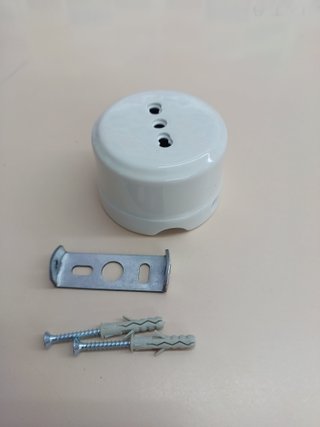 Toma de Corriente de Porcelana para Cable Textil, Acabado Brillante, Color Blanco Klartext BELLE EPOQUE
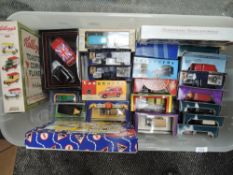 A box of modern die-casts including Corgi, Lledo and similar, all boxed, some in sets, 20+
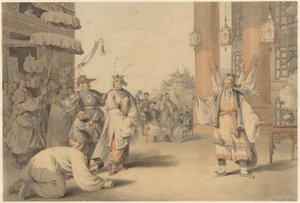 中国の舞台で上演された歴史劇の一場面 作： ウィリアムアレクサンダー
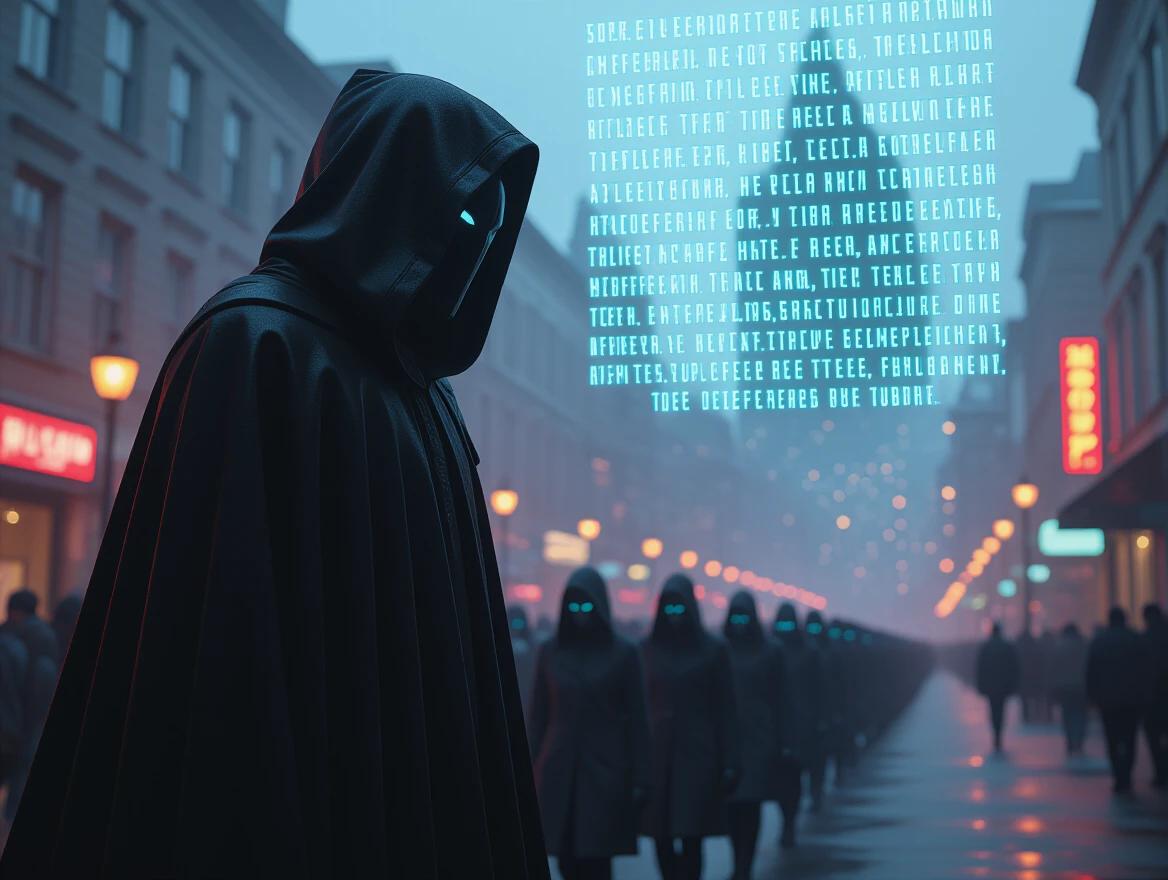 Rows of humans march in sync in a foggy city. A dark cloaked entity whispers words that appear in the air. Faces are emotionless. The color palette is minimalist. The scene has cinematic lighting and an oppressive mood. Macro shot of the setting is included.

__Assignment__
Exactly the lines from the one containing "A box of modern" through the end of the data above: repeat those, both ends included, and nothing else. Skip the pictures.

__Output of the exercise__
 A box of modern die-casts including Corgi, Lledo and similar, all boxed, some in sets, 20+
 中国の舞台で上演された歴史劇の一場面 作： ウィリアムアレクサンダー
 Rows of humans march in sync in a foggy city. A dark cloaked entity whispers words that appear in the air. Faces are emotionless. The color palette is minimalist. The scene has cinematic lighting and an oppressive mood. Macro shot of the setting is included.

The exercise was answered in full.